_Exercise_:
The records below hold a stretch from the line with "Mack CXU613 Sattelzugmaschinen" through the line with "Jadi Pembicara Dialog..."; return exactly those lines, ends included, and nothing more.

————

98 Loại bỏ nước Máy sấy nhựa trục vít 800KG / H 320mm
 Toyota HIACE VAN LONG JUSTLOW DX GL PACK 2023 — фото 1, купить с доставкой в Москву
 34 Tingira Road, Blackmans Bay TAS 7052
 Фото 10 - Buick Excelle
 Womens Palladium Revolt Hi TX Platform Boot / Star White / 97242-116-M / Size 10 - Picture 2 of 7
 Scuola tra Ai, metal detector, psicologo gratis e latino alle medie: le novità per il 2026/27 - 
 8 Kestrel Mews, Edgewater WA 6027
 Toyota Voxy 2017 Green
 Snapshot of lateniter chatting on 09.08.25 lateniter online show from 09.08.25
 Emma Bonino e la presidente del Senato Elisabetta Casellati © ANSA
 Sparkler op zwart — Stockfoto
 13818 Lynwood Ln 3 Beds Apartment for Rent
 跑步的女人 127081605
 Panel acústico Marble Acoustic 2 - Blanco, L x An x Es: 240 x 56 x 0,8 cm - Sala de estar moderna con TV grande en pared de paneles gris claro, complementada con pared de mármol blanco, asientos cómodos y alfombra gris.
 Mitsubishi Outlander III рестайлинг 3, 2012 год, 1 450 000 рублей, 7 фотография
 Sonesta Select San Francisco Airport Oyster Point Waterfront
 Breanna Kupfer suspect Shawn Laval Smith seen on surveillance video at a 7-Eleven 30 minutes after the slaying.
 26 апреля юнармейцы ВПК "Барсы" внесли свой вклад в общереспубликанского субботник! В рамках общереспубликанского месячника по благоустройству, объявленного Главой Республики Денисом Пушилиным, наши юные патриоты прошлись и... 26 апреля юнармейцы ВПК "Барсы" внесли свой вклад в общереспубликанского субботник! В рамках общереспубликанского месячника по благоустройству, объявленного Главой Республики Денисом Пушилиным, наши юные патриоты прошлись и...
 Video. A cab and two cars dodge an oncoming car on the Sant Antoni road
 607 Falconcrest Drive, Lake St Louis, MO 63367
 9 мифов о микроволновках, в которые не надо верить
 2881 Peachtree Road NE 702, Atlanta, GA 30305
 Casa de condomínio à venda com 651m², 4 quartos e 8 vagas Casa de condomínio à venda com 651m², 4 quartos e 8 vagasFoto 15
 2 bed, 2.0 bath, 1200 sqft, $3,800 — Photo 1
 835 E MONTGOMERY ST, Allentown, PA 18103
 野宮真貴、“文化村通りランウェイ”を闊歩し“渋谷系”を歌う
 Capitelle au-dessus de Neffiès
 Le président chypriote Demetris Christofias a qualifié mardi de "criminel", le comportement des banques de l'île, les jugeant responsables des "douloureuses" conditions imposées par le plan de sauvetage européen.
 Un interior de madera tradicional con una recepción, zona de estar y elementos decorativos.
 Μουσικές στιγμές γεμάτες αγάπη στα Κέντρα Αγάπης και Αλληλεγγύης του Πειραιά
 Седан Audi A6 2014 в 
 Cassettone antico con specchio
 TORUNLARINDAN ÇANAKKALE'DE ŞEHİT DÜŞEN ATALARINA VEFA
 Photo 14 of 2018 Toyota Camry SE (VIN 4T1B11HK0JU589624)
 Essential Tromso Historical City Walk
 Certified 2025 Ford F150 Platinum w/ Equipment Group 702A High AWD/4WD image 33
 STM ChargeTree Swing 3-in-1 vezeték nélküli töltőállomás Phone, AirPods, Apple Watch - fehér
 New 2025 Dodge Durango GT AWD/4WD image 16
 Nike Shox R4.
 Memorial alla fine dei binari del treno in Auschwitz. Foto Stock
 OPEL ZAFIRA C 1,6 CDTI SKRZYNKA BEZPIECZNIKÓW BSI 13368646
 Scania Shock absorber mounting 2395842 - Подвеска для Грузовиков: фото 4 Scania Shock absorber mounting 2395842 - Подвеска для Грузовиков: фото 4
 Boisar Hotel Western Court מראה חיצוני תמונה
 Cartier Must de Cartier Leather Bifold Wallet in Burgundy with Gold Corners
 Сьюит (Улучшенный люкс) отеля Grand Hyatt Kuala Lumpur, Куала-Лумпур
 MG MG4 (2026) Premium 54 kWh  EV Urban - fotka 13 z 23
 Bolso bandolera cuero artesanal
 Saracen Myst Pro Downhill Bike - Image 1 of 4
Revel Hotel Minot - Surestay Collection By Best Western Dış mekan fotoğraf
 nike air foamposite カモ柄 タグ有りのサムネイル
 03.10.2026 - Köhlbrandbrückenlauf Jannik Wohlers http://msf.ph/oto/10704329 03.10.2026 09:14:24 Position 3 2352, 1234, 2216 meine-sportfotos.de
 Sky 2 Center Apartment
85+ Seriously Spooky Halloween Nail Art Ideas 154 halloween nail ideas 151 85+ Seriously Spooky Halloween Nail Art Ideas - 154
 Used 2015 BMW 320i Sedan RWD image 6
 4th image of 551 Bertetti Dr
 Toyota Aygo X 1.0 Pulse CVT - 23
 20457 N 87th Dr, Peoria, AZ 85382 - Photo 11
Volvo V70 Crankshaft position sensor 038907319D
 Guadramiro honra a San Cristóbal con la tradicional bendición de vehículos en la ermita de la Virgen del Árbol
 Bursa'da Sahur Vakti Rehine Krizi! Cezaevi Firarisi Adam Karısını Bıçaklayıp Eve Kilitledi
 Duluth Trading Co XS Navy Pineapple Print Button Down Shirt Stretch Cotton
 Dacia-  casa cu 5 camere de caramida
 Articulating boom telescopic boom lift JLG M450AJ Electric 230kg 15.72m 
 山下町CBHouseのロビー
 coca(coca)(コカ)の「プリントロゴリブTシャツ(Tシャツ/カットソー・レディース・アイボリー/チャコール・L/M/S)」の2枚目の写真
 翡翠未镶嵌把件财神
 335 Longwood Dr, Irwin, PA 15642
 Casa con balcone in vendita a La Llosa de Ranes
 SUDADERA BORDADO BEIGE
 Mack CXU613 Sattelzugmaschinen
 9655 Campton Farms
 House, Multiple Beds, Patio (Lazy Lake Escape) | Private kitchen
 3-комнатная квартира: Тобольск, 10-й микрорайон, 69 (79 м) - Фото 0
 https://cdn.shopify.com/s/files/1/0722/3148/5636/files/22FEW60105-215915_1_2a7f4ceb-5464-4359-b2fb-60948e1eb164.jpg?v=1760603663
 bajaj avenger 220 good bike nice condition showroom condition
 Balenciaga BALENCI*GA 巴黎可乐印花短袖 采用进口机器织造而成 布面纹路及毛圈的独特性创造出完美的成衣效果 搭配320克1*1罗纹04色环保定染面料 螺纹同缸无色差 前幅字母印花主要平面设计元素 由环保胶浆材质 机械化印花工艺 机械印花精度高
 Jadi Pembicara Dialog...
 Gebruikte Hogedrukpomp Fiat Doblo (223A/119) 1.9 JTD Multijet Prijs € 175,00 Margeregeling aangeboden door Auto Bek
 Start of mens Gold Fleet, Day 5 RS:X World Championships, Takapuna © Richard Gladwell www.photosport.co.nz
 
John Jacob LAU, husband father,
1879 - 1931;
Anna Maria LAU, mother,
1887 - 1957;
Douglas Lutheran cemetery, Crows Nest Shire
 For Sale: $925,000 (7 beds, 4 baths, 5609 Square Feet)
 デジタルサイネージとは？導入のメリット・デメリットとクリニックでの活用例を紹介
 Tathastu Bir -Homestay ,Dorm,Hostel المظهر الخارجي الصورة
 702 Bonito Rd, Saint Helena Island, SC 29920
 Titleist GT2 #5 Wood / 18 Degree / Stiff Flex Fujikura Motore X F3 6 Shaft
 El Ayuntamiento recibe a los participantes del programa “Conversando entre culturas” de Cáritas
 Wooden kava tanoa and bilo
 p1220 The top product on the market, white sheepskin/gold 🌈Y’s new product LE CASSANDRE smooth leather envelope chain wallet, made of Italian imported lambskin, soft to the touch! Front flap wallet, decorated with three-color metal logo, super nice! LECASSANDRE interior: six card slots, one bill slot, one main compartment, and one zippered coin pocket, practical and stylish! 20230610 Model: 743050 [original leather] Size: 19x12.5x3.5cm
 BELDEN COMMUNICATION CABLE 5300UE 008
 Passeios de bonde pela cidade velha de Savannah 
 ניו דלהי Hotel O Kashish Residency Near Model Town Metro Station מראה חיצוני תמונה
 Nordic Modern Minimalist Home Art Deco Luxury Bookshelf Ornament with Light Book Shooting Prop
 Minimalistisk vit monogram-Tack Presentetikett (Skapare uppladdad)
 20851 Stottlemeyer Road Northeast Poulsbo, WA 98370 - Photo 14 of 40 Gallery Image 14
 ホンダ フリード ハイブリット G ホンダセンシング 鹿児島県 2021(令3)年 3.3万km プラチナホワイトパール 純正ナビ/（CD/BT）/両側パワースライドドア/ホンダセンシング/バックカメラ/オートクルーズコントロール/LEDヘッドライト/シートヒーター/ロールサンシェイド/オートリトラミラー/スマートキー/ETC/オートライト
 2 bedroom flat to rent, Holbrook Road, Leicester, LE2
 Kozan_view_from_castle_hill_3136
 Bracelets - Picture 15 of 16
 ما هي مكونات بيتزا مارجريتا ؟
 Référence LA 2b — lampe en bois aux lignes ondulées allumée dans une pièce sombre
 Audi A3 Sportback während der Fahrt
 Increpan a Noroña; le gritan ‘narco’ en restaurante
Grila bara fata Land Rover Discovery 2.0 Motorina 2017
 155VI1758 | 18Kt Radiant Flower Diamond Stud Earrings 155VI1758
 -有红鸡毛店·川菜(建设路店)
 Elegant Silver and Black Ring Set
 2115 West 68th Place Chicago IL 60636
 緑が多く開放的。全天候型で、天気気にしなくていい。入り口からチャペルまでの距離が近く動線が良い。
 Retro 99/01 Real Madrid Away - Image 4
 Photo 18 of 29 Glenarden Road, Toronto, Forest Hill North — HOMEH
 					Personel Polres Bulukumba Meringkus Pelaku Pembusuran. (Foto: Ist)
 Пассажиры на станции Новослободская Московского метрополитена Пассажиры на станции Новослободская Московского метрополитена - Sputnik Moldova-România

————

_Exercise solution_:
 Mack CXU613 Sattelzugmaschinen
 9655 Campton Farms
 House, Multiple Beds, Patio (Lazy Lake Escape) | Private kitchen
 3-комнатная квартира: Тобольск, 10-й микрорайон, 69 (79 м) - Фото 0
 https://cdn.shopify.com/s/files/1/0722/3148/5636/files/22FEW60105-215915_1_2a7f4ceb-5464-4359-b2fb-60948e1eb164.jpg?v=1760603663
 bajaj avenger 220 good bike nice condition showroom condition
 Balenciaga BALENCI*GA 巴黎可乐印花短袖 采用进口机器织造而成 布面纹路及毛圈的独特性创造出完美的成衣效果 搭配320克1*1罗纹04色环保定染面料 螺纹同缸无色差 前幅字母印花主要平面设计元素 由环保胶浆材质 机械化印花工艺 机械印花精度高
 Jadi Pembicara Dialog...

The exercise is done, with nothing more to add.